Web page caption snippets
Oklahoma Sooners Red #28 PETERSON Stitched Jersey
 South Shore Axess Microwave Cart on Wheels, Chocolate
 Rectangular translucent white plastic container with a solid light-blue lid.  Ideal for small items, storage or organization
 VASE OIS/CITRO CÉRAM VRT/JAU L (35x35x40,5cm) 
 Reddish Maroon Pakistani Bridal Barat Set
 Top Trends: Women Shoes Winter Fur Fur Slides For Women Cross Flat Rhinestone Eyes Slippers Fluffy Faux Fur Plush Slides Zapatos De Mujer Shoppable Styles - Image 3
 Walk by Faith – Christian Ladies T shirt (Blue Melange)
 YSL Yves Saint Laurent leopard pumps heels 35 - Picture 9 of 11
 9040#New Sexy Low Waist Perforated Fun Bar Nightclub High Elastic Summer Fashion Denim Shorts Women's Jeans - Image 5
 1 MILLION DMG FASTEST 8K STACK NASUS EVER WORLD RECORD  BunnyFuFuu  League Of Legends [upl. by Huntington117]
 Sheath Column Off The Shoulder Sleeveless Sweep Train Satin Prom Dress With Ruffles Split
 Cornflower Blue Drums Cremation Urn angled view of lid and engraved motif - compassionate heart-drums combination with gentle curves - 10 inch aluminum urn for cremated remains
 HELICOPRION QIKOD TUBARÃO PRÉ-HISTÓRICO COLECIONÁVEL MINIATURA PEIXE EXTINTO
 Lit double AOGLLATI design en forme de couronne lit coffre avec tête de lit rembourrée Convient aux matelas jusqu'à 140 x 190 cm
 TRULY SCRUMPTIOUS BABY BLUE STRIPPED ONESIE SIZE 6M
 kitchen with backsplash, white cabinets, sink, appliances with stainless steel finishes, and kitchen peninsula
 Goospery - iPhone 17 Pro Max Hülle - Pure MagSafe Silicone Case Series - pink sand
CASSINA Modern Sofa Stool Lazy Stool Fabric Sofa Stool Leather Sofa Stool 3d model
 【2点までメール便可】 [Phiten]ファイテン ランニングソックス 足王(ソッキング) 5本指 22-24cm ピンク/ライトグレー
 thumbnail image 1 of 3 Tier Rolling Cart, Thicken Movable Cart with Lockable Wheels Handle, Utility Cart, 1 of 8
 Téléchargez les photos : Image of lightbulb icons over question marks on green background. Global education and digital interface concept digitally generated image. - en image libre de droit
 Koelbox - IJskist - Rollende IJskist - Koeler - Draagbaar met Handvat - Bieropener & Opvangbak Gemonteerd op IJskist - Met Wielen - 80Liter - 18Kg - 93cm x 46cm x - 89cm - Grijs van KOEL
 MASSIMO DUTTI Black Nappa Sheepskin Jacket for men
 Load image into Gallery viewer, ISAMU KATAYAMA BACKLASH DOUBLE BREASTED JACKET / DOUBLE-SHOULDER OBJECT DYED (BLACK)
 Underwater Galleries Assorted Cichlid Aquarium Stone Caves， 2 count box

ASSIGNMENT: Exact retyping is required: the line with "1 MILLION DMG" through the end of the data, both ends included, and no other line.

WRITTEN RESPONSE:
 1 MILLION DMG FASTEST 8K STACK NASUS EVER WORLD RECORD  BunnyFuFuu  League Of Legends [upl. by Huntington117]
 Sheath Column Off The Shoulder Sleeveless Sweep Train Satin Prom Dress With Ruffles Split
 Cornflower Blue Drums Cremation Urn angled view of lid and engraved motif - compassionate heart-drums combination with gentle curves - 10 inch aluminum urn for cremated remains
 HELICOPRION QIKOD TUBARÃO PRÉ-HISTÓRICO COLECIONÁVEL MINIATURA PEIXE EXTINTO
 Lit double AOGLLATI design en forme de couronne lit coffre avec tête de lit rembourrée Convient aux matelas jusqu'à 140 x 190 cm
 TRULY SCRUMPTIOUS BABY BLUE STRIPPED ONESIE SIZE 6M
 kitchen with backsplash, white cabinets, sink, appliances with stainless steel finishes, and kitchen peninsula
 Goospery - iPhone 17 Pro Max Hülle - Pure MagSafe Silicone Case Series - pink sand
CASSINA Modern Sofa Stool Lazy Stool Fabric Sofa Stool Leather Sofa Stool 3d model
 【2点までメール便可】 [Phiten]ファイテン ランニングソックス 足王(ソッキング) 5本指 22-24cm ピンク/ライトグレー
 thumbnail image 1 of 3 Tier Rolling Cart, Thicken Movable Cart with Lockable Wheels Handle, Utility Cart, 1 of 8
 Téléchargez les photos : Image of lightbulb icons over question marks on green background. Global education and digital interface concept digitally generated image. - en image libre de droit
 Koelbox - IJskist - Rollende IJskist - Koeler - Draagbaar met Handvat - Bieropener & Opvangbak Gemonteerd op IJskist - Met Wielen - 80Liter - 18Kg - 93cm x 46cm x - 89cm - Grijs van KOEL
 MASSIMO DUTTI Black Nappa Sheepskin Jacket for men
 Load image into Gallery viewer, ISAMU KATAYAMA BACKLASH DOUBLE BREASTED JACKET / DOUBLE-SHOULDER OBJECT DYED (BLACK)
 Underwater Galleries Assorted Cichlid Aquarium Stone Caves， 2 count box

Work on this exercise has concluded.